Ahí está la grandeza; ése es el camino. Yo espero, sin embargo, que
alguna vez aparecerá o haremos que aparezca un cerebro más logrado que
el de esta especie que somos (y que fue Jesús), esta especie que sigue
funcionando todavía en buena parte según los mecanismos “primitivos” del
cerebro reptil, y que sigue sintiendo todavía los miedos, las rabias y
las tristezas propias del viejo cerebro mamífero. Espero que algún día
pueblen nuestro querido planeta unos seres más libres de miedos, que se
sientan más indemnes y salvados, que sean más felices cuidándose unos a
otros más que nosotros. Jesús también lo esperaba –en primer lugar para
sí–, aunque él lo llamaba “reino de Dios” y aunque él no entendía el
mundo según un paradigma evolutivo como lo entendemos nosotros.

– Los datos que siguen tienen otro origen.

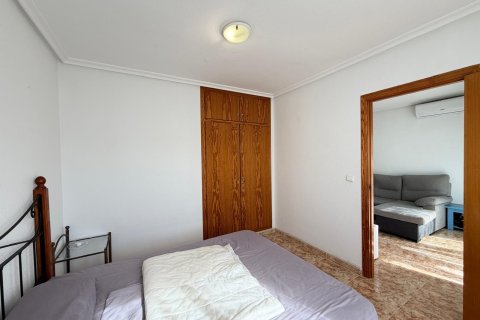 Apartamento en venta en Torrevieja, Alicante, España 2 dormitorios, 63 m2 No. 189667 - foto 23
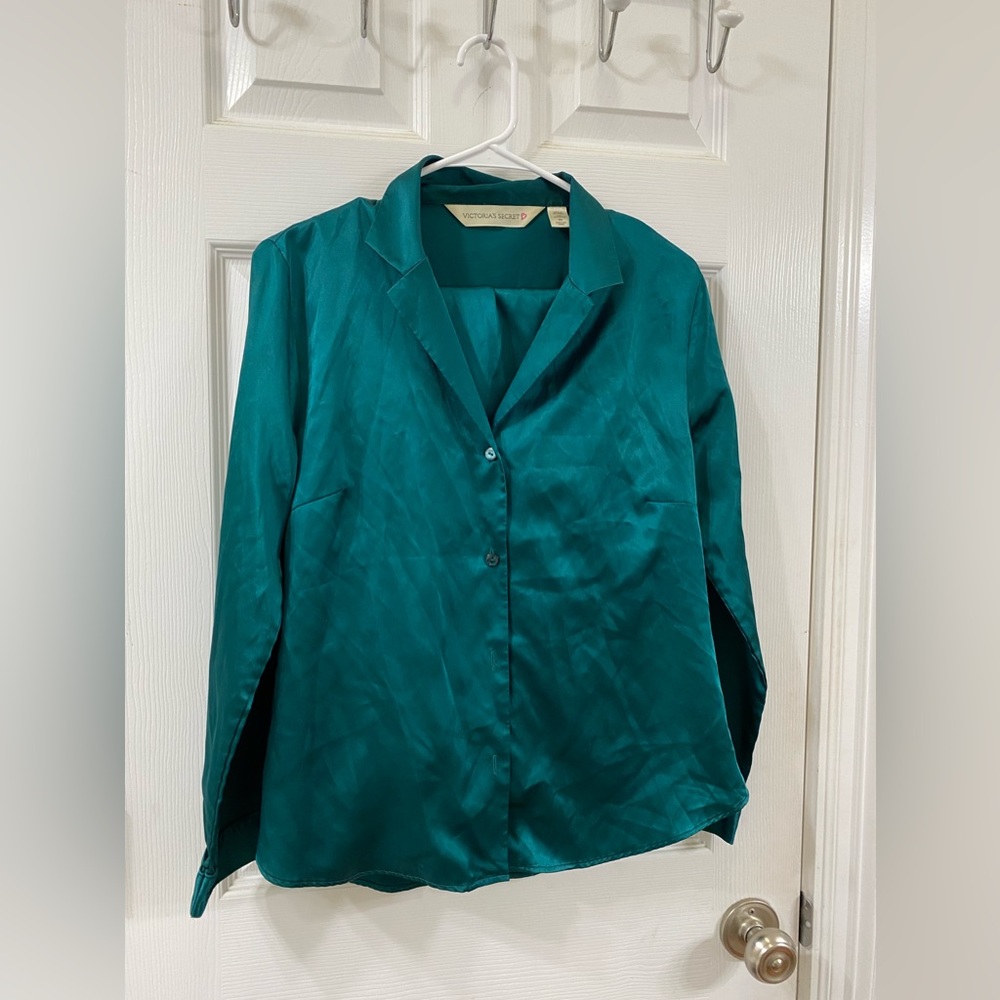 Victoria Secret lounge set.  Green, long sleeve, long pants.  Size xs.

Si pensamos la realidad en un paradigma evolutivo, es lógico pensar
la propia espiritualidad –la nuestra y la de Jesús– en ese mismo
paradigma. La realización espiritual es una dimensión más compleja y
profunda que la salud física o que incluso el equilibrio psicológico. Es
la paz y la armonía con el Sí mismo, con el Mundo, con el Otro y con el
Todo. Y esa espiritualidad, como todo cuanto es, depende de todo,
emerge de todo. Depende y emerge también, y no en pequeña medida, de los
genes y de las neuronas. Por eso digo: ya quisiera yo llegar a la paz y
la armonía a las que llegó Jesús, incluso en Getsemaní, incluso en la
cruz, pero no tengo por qué pensar que en su ser individual e histórico
llegase a la realización plena de la paz, del descanso, del shalom, de
la espiritualidad, aunque sí creo –y me parece razonable o al menos no
me parece irracional “creer”– que en su muerte llegó a la Vida plena o a
Dios. Espero que alguna vez haya seres en esta Tierra que puedan
alcanzar una armonía mayor de la vida particular con la Vida universal,
sin tanto esfuerzo ni tanto Getsemaní. También Jesús lo esperó, en
primer lugar para sí, aunque quizás alguna vez también desesperó.
Jesús fue un individuo admirable de esta nuestra pobre y maravillosa especie humana,
especie maravillosa pero aún incipiente, en evolución hacia una forma
todavía desconocida. Jesús fue y sigue siendo profeta, sacramento,
símbolo o encarnación de la Compasión liberadora y creadora. Pero en su
vida y en su historia particular, en su experiencia y en su conciencia
individual, no pudo llegar sino hasta donde su constitución biológica
(su ADN y su 1.400 cm3 de cerebro) y toda su cultura le permitieron
llegar.
Por eso lo quiero más, y lo confieso testigo y sacramento, admirable
en su finitud y particularidad, del Espíritu que goza y gime en la
creación entera hasta que Dios sea todo en todas las cosas.